Running Registry cleaners generally makes us nervous, as they’re far more likely to remove some important setting than make any measurable difference to your system speed.
Most developers try to address this by building real intelligence into their code, but “Clean PC Smart” takes a different route: despite listing thousands of “issues” and claiming to fix them, it never deletes anything at all.
We first noticed the program in October, when it quickly raised concerns: new product, new website, unknown developer, no reviews, no clarity at all about the program licence or functions.
Other major review sites didn’t seem to be concerned and listed the program immediately, but we decided to investigate a little further.
We started by using Sysinternals Process Monitor to track what the program did during installation and its first run, and noticed that it buried its settings under a Microsoft key, where they’d be very difficult to spot: HKEY_CURRENT_USER\SOFTWARE\Microsoft\SecurityXX
Network capture tool Colasoft Capsa showed how Clean PC Smart attempted to compromise our privacy on its first launch by obtaining our IP address, computer name and network adapter’s MAC address, then uploading them to its own server.
The program starts its “scan” immediately, and quickly delivered an almost useless report: “Registry Cleaner” listed thousands of legitimate keys, “Windows Startup” contained only four items from a single Registry key (even Task Manager listed 21), the “Browser Add-Ons” page actually referred to internet history files, the “Task Manager” section was a static list of running processes, and so on.

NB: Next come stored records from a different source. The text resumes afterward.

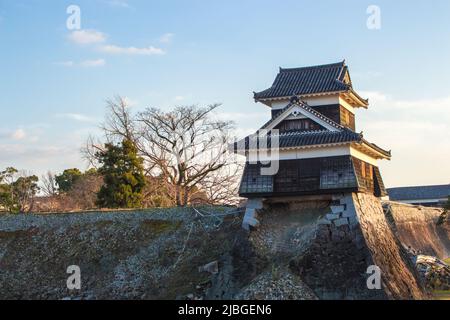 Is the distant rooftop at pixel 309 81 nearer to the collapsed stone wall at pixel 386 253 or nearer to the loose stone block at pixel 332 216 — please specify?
the collapsed stone wall at pixel 386 253

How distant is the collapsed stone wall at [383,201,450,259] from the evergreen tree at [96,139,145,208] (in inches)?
527

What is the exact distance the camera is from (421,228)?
37.3m

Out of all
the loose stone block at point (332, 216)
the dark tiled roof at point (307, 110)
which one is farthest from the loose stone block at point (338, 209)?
the dark tiled roof at point (307, 110)

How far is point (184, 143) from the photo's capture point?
3547cm

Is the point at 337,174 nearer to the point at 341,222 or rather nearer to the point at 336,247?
the point at 341,222

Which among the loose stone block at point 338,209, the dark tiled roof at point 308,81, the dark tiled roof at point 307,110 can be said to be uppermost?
the dark tiled roof at point 308,81

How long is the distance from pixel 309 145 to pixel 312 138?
452 mm

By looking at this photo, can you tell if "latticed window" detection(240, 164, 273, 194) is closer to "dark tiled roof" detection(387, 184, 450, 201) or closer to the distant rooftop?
the distant rooftop

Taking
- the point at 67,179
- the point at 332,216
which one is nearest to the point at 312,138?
the point at 332,216

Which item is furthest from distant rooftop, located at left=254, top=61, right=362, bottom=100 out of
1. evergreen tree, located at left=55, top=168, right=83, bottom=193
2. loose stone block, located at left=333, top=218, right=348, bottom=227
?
evergreen tree, located at left=55, top=168, right=83, bottom=193

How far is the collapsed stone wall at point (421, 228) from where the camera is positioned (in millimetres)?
31973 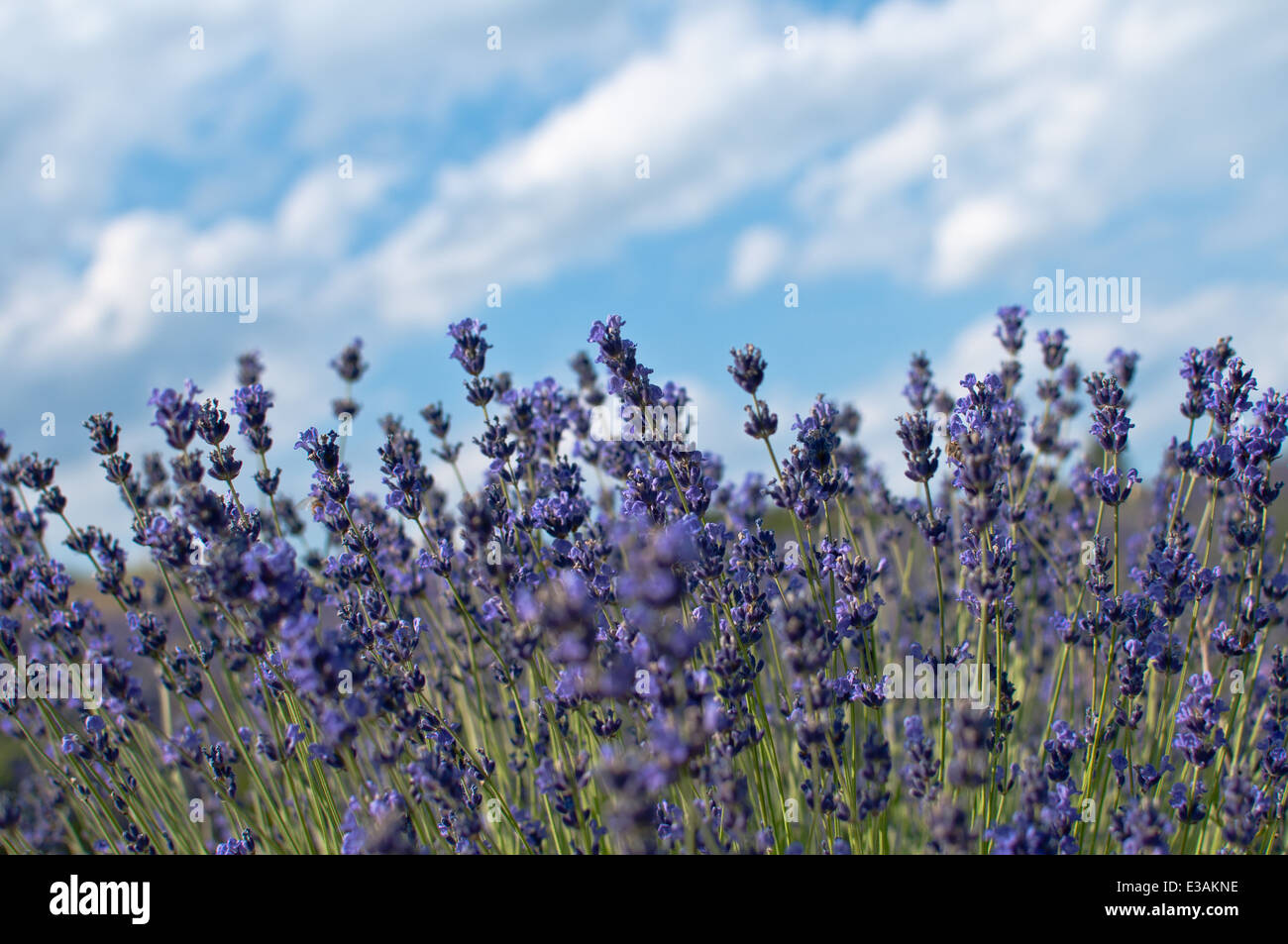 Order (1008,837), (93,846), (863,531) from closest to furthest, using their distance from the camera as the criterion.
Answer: (1008,837) → (93,846) → (863,531)

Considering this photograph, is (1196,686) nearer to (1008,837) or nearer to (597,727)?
(1008,837)

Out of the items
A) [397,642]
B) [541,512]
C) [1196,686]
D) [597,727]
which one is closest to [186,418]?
[397,642]

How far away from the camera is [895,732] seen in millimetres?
4980

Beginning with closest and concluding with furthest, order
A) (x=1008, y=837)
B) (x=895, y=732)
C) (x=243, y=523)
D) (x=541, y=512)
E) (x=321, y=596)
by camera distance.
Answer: (x=1008, y=837)
(x=243, y=523)
(x=541, y=512)
(x=321, y=596)
(x=895, y=732)

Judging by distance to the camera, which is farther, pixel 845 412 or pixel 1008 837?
pixel 845 412

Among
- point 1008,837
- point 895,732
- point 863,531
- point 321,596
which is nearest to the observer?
point 1008,837

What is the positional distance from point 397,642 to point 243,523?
0.58 m

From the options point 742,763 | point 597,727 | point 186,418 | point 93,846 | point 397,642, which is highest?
point 186,418

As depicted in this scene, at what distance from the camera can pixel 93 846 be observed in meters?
3.92

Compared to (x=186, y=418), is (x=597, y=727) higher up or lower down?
lower down

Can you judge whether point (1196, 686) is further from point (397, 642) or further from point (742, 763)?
point (397, 642)

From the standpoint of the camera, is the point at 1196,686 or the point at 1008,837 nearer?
the point at 1008,837

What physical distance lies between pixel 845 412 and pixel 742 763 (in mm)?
2799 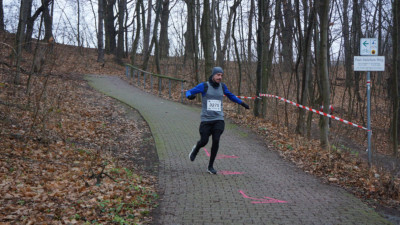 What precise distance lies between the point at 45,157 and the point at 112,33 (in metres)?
29.4

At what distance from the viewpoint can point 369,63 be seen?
28.2ft

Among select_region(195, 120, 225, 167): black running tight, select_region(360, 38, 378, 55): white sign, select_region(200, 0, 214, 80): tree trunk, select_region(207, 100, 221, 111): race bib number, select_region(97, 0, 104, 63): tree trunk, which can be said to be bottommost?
select_region(195, 120, 225, 167): black running tight

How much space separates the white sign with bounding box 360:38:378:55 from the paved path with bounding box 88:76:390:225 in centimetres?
313

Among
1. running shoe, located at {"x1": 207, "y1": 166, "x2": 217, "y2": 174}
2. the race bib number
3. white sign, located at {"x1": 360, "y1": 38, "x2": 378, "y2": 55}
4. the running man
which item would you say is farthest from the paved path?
white sign, located at {"x1": 360, "y1": 38, "x2": 378, "y2": 55}

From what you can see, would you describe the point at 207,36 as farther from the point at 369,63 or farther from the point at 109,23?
the point at 109,23

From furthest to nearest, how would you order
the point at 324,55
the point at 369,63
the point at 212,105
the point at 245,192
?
the point at 324,55 → the point at 369,63 → the point at 212,105 → the point at 245,192

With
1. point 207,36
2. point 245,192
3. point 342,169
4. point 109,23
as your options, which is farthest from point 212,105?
point 109,23

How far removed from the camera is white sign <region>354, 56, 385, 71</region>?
855cm

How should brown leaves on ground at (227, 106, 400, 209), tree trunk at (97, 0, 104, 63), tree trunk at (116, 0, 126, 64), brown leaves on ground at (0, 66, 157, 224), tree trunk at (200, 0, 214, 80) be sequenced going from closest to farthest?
brown leaves on ground at (0, 66, 157, 224)
brown leaves on ground at (227, 106, 400, 209)
tree trunk at (200, 0, 214, 80)
tree trunk at (97, 0, 104, 63)
tree trunk at (116, 0, 126, 64)

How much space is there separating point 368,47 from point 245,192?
4765mm

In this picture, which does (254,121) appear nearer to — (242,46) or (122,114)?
(122,114)

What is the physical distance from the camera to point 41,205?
17.2 ft

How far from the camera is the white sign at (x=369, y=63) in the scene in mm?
8555

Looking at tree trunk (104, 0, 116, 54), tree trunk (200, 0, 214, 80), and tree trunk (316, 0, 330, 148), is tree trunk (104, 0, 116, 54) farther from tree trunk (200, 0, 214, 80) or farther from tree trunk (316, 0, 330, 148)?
tree trunk (316, 0, 330, 148)
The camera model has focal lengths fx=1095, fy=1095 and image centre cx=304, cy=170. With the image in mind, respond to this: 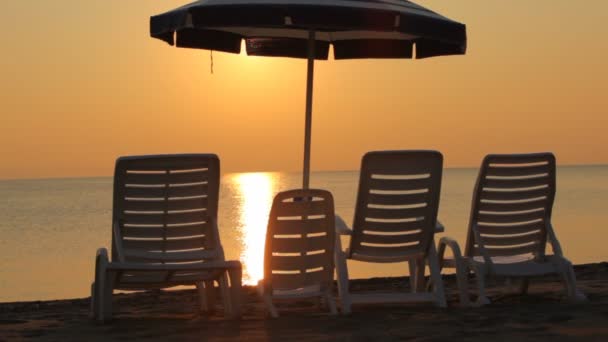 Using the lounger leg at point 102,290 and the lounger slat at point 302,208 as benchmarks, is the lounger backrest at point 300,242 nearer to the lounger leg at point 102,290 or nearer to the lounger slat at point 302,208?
the lounger slat at point 302,208

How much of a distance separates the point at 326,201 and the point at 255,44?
3031 millimetres

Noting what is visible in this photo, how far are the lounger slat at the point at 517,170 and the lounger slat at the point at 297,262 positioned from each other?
3.96 feet

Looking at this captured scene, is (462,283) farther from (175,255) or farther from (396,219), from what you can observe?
(175,255)

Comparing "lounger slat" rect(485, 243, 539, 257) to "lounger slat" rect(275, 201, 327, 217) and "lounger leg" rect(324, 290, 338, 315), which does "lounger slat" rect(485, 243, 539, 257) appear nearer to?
"lounger leg" rect(324, 290, 338, 315)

We asked Clean PC Smart to “fix” these issues anyway, and ran more scans. Most maintenance programs will find more “issues” immediately, either because they were unable to delete everything they found last time, or removing Registry keys has created more inconsistencies, but Clean PC Smart claimed there were now no problems at all.
Suspicious, we used Sysinternals Process Monitor to watch what Clean PC Smart was doing during its Registry scanning and cleaning, and found it was just reading the same keys, over, and over, and over again. Even when it was supposedly “fixing” these “issues”, nothing was ever deleted.
As Clean PC Smart is a .NET program, we tried opening it in DnSpy, a .NET decompiler. This allowed us to follow the logic of the program’s code, and see exactly what it was doing.
The secret turned out to be childishly simple. The program was writing the date it scanned a particular area of the Registry, such as your shared DLLs. When you ran a scan later, it checked how many days had elapsed since your last check, and if this was more than a fixed figure – 15 for shared DLLs, 25 for services etc – it added the keys in that section to the list.
The end result is the problem count would increase over time, sort-of simulating real life, but none of them represented any real issue on your PC.
If you decided to “fix” these “issues”, there was more fake activity to make it look like something was happening. But all that really mattered is the program updating its last scan dates, so if you ran a check immediately afterwards you’d get a “no issues found” message.
This all seemed clear enough in the code, but we verified it manually, too.
Running the program on our test PC initially displayed 9,828 Registry issues; we clicked Fix, scanned again and no issues were found.
We then deleted the HKEY_CURRENT_USER\SOFTWARE\Microsoft\SecurityXX key with Clean PC Smart’s “last scan” dates, ran the program, and it reported the same 9,828 Registry issues it had supposedly just “fixed”.
What’s the point of this pretence? There might be a clue in the toll free technical support number highlighted in the interface. Googling for that number found assorted websites recommending we call it to fix problems with printers, viruses, driver updates and more.
We don’t know the whole story about these issues – and there are also many more positive reviews – but whatever the truth, “Clean PC Smart” is best avoided. Apart from being technically inept, it stays running when the main window is closed, we noticed other code to display pop-up messages and (possibly) fake virus alerts, and there may well be more sinister features we’ve missed.
On the investigation front, if you’ve any knowledge of coding – even basic VBScript – then DnSpy is a great tool for helping you understand what a .NET program is doing. Check it out.